IFRS Conversion Plan
Brookfield Properties has prepared a comprehensive IFRS conversion plan
which addresses changes in accounting policies, the restatement of
comparative periods, various education and training sessions on the
adoption of IFRS, as well as required changes to business processes and
internal controls. The company's finance and accounting staff have been
informed of the company's preliminary policies and procedures as they
relate to IFRS. As a result of the training program and the preparation
of a reconciliation of the company's historical Canadian GAAP financial
statements to IFRS financial statements, the company believes that its
applicable personnel have obtained an appropriate understanding of IFRS
as it applies to the company's financial reporting. While new controls
are being put into place to address certain unique IFRS accounting and
disclosure requirements, Brookfield Properties does not anticipate
comprehensive changes to its current accounting and consolidation
systems, its internal controls nor its disclosure control process as a
result of the conversion to IFRS.
Impact of Adoption of IFRS
IFRS are premised on a conceptual framework similar to Canadian GAAP,
although significant differences exist in certain matters of
recognition, measurement and disclosure. While the adoption of IFRS will
not have an impact on the company's reported net cash flows, the company
does expect it to have a material impact on its consolidated balance
sheets and statements of income; the company is continuing to evaluate
the impact of IFRS to the presentation and classification in its
statements of cashflow. In particular, the company's opening balance
sheet will reflect the revaluation of substantially all properties to
fair value. In addition, a significant portion of the company's
intangible assets and liabilities will no longer be separately
recognized. Also, the company's US Office Fund and certain other joint
ventures which are currently consolidated or proportionately
consolidated will be recorded as investments accounted for following the
equity method. Finally, all changes to the opening balance sheet will
require that a corresponding tax asset or liability be established based
on the resultant differences between the carried value of assets and
liabilities and their associated tax bases. The company currently
expects that the impact of all of these differences on its January 1,
2009 opening balance sheet under IFRS compared to its December 31, 2008
balance sheet under Canadian GAAP will result in an increase in common
equity from $3.4 billion to approximately $5.5 billion or $14 per share.

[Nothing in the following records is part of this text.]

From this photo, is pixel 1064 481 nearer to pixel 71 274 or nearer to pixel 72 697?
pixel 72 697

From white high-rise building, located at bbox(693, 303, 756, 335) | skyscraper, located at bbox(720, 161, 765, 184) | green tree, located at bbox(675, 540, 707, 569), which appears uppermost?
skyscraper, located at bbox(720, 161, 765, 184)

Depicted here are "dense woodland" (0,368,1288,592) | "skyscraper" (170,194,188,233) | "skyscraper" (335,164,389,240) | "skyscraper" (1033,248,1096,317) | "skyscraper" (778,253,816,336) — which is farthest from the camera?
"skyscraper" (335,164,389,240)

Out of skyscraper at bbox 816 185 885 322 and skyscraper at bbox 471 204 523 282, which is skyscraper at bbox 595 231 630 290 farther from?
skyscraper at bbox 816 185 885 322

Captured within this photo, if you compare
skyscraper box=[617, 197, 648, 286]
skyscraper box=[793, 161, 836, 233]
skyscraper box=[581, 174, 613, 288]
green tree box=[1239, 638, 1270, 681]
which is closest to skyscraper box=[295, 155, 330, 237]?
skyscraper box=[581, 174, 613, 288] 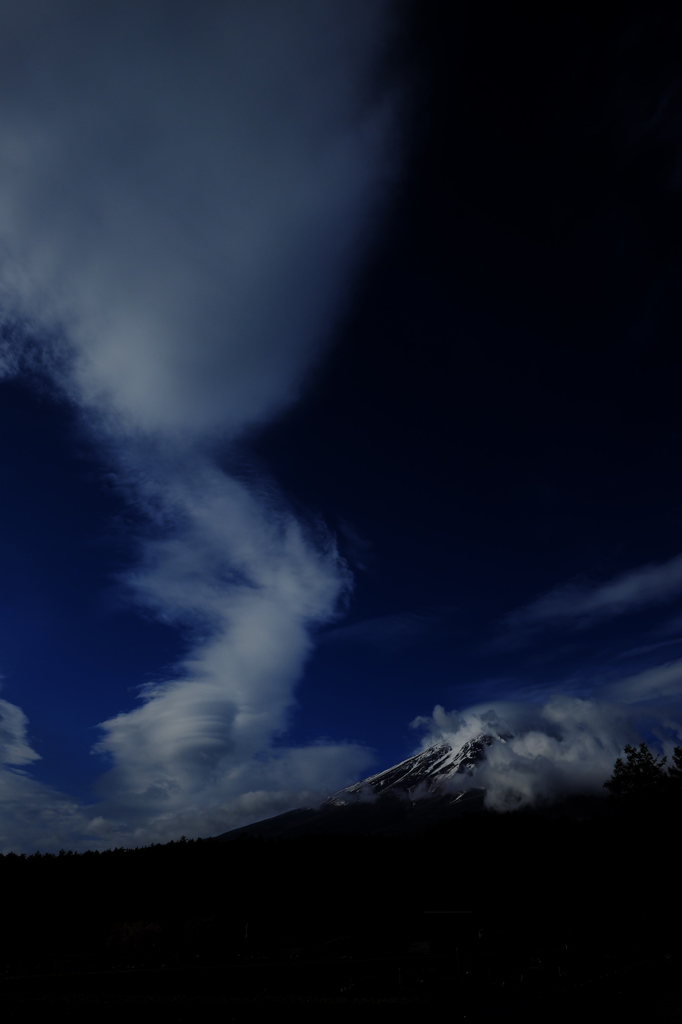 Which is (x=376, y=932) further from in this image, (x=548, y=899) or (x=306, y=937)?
(x=548, y=899)

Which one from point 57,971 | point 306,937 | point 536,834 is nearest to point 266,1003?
point 57,971

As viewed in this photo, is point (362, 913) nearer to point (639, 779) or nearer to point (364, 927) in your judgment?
point (364, 927)

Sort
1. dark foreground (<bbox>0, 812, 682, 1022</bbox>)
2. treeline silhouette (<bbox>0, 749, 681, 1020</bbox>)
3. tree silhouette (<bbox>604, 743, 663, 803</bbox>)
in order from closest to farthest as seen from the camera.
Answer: dark foreground (<bbox>0, 812, 682, 1022</bbox>), treeline silhouette (<bbox>0, 749, 681, 1020</bbox>), tree silhouette (<bbox>604, 743, 663, 803</bbox>)

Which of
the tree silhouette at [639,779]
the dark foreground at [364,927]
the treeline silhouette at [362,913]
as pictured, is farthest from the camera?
the tree silhouette at [639,779]

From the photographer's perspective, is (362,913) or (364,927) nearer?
(364,927)

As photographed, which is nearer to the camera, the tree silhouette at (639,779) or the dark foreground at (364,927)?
the dark foreground at (364,927)

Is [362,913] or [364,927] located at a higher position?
[362,913]

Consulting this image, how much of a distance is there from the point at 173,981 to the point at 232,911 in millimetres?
42860

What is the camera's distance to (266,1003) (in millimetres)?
20906

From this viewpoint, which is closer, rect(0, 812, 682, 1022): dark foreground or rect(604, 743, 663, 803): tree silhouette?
rect(0, 812, 682, 1022): dark foreground

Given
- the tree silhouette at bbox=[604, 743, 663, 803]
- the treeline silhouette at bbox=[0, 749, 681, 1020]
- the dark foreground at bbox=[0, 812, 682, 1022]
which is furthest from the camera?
the tree silhouette at bbox=[604, 743, 663, 803]

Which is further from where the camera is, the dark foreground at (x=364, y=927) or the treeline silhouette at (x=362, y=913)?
the treeline silhouette at (x=362, y=913)

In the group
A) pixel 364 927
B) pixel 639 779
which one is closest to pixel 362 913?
pixel 364 927

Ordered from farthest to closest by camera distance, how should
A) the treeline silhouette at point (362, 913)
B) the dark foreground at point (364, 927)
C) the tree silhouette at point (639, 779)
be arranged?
1. the tree silhouette at point (639, 779)
2. the treeline silhouette at point (362, 913)
3. the dark foreground at point (364, 927) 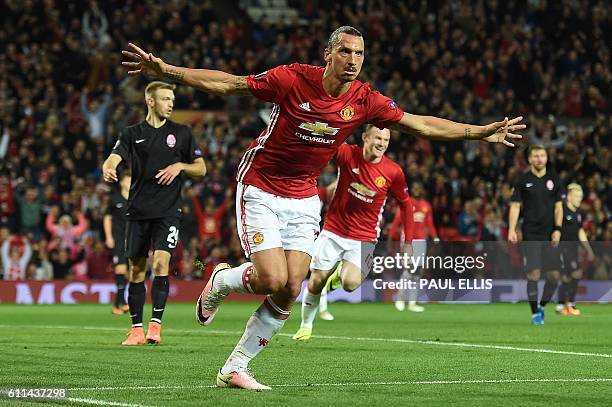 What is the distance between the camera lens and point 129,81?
26.1 metres

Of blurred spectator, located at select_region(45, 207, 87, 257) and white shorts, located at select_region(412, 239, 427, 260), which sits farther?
blurred spectator, located at select_region(45, 207, 87, 257)

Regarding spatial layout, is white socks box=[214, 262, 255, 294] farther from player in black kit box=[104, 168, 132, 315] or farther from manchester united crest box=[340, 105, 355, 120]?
player in black kit box=[104, 168, 132, 315]

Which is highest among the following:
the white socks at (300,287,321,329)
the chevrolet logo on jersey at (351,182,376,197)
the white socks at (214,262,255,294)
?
the white socks at (214,262,255,294)

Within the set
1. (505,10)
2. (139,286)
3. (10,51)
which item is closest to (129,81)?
(10,51)

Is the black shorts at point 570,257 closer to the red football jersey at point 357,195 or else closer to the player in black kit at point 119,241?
the red football jersey at point 357,195

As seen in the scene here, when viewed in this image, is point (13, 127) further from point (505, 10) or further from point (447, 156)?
point (505, 10)

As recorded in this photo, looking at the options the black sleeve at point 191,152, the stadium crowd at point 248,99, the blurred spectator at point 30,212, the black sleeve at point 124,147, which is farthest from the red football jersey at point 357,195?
the blurred spectator at point 30,212

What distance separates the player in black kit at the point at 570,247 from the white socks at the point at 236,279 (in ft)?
36.0

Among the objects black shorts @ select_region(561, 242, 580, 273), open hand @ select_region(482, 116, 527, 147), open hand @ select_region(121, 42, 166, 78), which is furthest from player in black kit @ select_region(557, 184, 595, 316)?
open hand @ select_region(121, 42, 166, 78)

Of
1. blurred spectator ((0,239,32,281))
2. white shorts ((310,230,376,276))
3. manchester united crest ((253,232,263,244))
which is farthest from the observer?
blurred spectator ((0,239,32,281))

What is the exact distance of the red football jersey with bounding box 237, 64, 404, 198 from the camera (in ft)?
25.1

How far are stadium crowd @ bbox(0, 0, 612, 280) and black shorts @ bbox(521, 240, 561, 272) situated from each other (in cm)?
600

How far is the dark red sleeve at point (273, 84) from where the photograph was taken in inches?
297

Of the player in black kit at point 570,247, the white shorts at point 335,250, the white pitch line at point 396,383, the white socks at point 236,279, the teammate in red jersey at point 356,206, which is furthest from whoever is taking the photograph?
the player in black kit at point 570,247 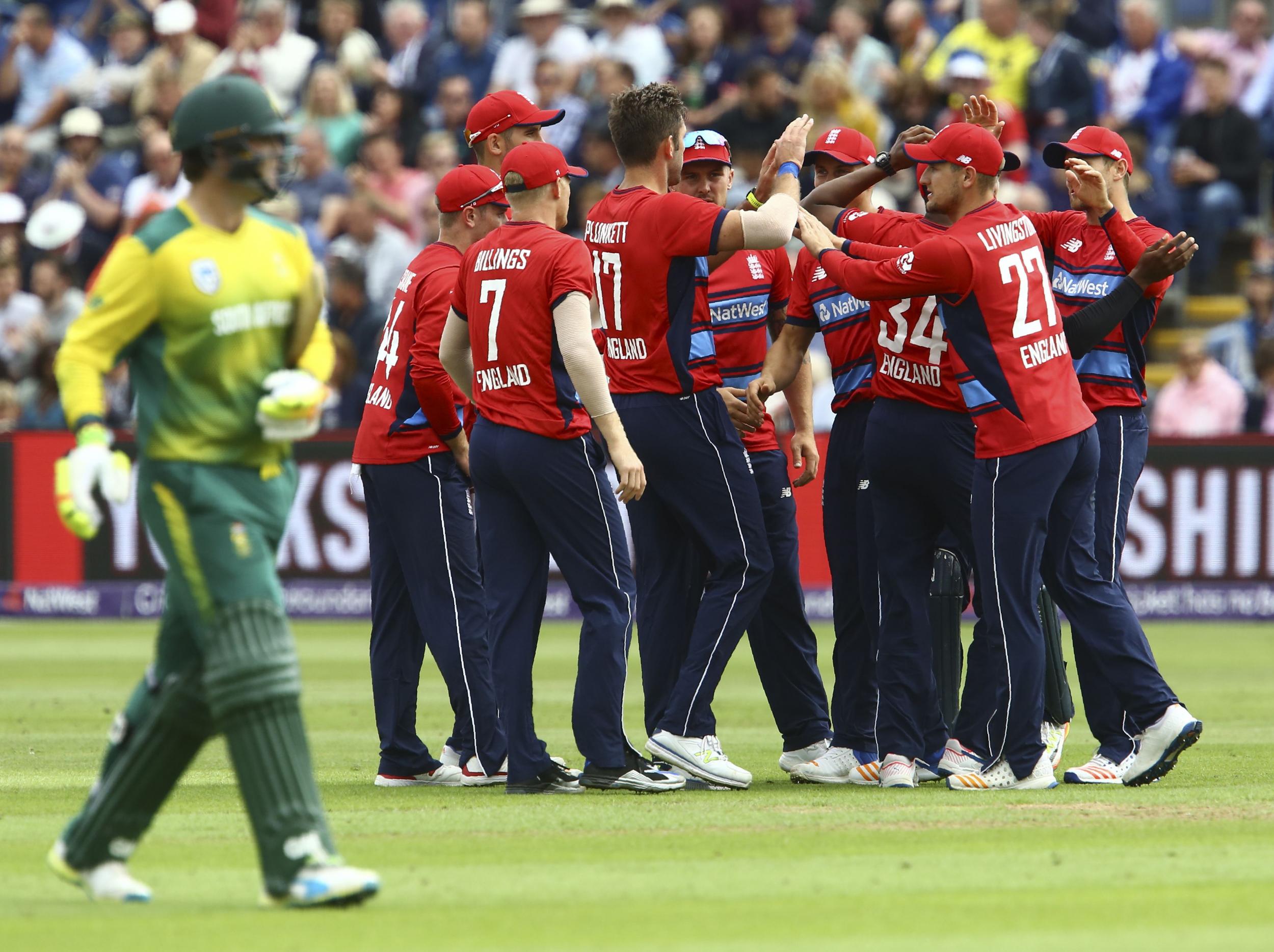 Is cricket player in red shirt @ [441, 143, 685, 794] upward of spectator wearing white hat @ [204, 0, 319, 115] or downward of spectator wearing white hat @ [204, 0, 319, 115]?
downward

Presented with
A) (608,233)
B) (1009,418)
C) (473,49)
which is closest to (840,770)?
(1009,418)

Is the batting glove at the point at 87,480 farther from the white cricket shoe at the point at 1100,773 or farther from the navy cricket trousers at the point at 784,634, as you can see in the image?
the white cricket shoe at the point at 1100,773

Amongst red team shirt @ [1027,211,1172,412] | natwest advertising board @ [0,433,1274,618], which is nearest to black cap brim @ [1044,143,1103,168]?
red team shirt @ [1027,211,1172,412]

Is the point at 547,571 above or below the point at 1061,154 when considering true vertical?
below

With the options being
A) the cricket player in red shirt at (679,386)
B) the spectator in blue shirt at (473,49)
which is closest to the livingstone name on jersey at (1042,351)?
the cricket player in red shirt at (679,386)

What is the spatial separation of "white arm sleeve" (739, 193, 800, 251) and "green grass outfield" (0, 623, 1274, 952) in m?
2.38

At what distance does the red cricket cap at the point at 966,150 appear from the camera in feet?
27.5

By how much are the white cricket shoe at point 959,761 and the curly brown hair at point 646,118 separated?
299cm

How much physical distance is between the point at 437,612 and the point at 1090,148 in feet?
12.6

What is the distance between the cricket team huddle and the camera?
27.4 feet

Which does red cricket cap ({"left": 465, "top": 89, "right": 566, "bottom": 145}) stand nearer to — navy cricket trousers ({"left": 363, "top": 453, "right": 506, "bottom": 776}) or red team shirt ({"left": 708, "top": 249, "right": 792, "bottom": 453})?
red team shirt ({"left": 708, "top": 249, "right": 792, "bottom": 453})

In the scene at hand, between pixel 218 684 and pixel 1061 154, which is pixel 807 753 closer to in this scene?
pixel 1061 154

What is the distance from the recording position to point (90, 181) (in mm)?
22953

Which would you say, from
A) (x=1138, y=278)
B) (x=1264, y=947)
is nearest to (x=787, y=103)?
(x=1138, y=278) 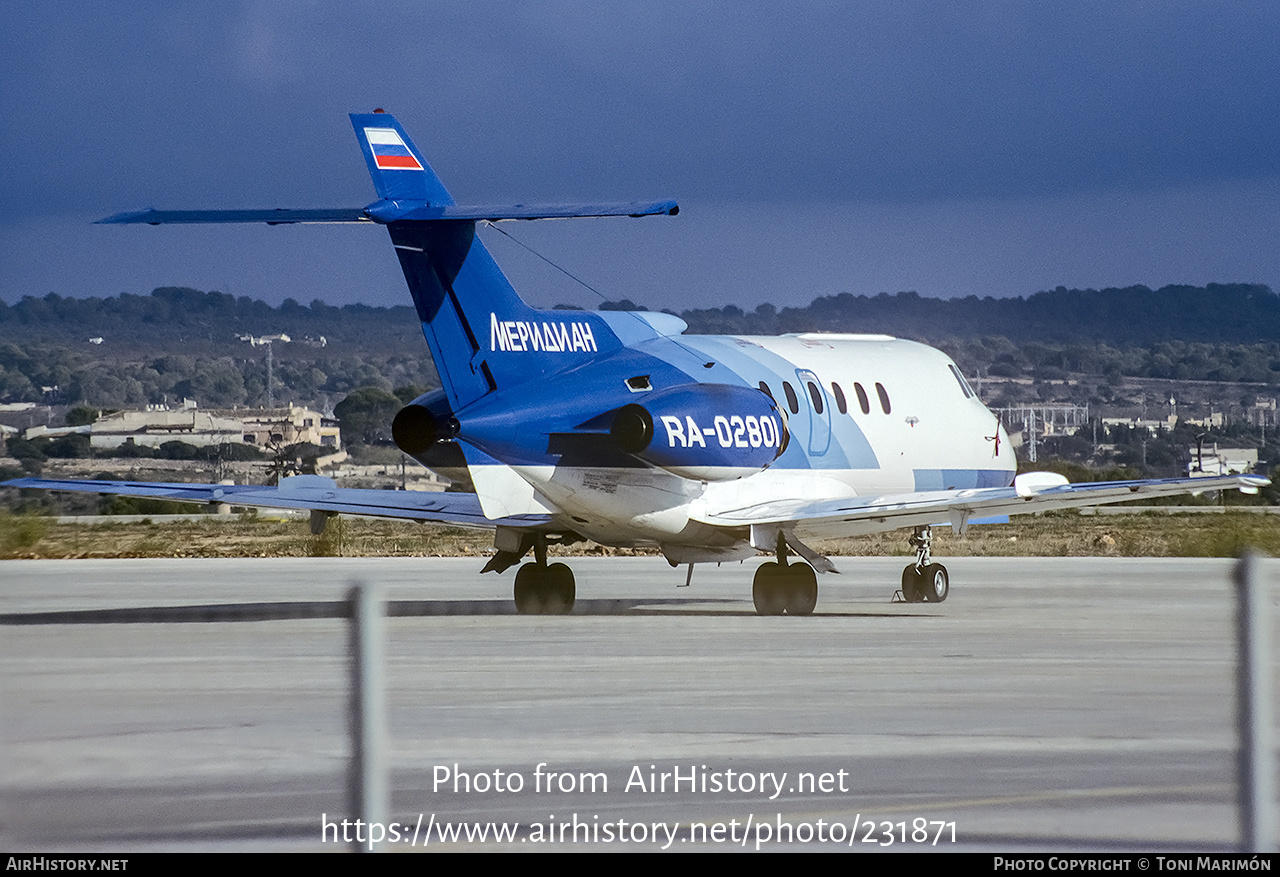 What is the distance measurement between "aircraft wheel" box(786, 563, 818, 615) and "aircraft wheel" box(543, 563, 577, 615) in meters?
2.87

IFRS 1: First-Time Adoption of IFRS
The company's adoption of IFRS will require the application of IFRS 1, First-time
Adoption of International Financial Reporting Standards ("IFRS 1"),
which provides guidance for an entity's initial adoption of IFRS. IFRS 1
generally requires that an entity apply all IFRS effective at the end of
its first IFRS reporting period retrospectively. However, IFRS 1 does
require certain mandatory exceptions and permits limited optional
exemptions. The following are the optional exemptions available under
IFRS 1 which are significant to the company and which the company
expects to be applied in preparation of its first financial statements
under IFRS:
a) Business combinations
IFRS 1 states that a first-time adopter may elect not to apply IFRS 3, Business Combinations ("IFRS 3") retrospectively to business combinations that occurred before the date of transition to IFRS. Brookfield Properties intends to make this election in order to only apply IFRS 3 to business combinations prospectively (i.e. to those that occur on or after January 1, 2009).
b) Cumulative translation differences
International Accounting Standards ("IAS") 21, The Effects of Changes in Foreign Exchange Rates, requires an entity to determine the translation differences in accordance with IFRS from the date on which a subsidiary was formed or acquired.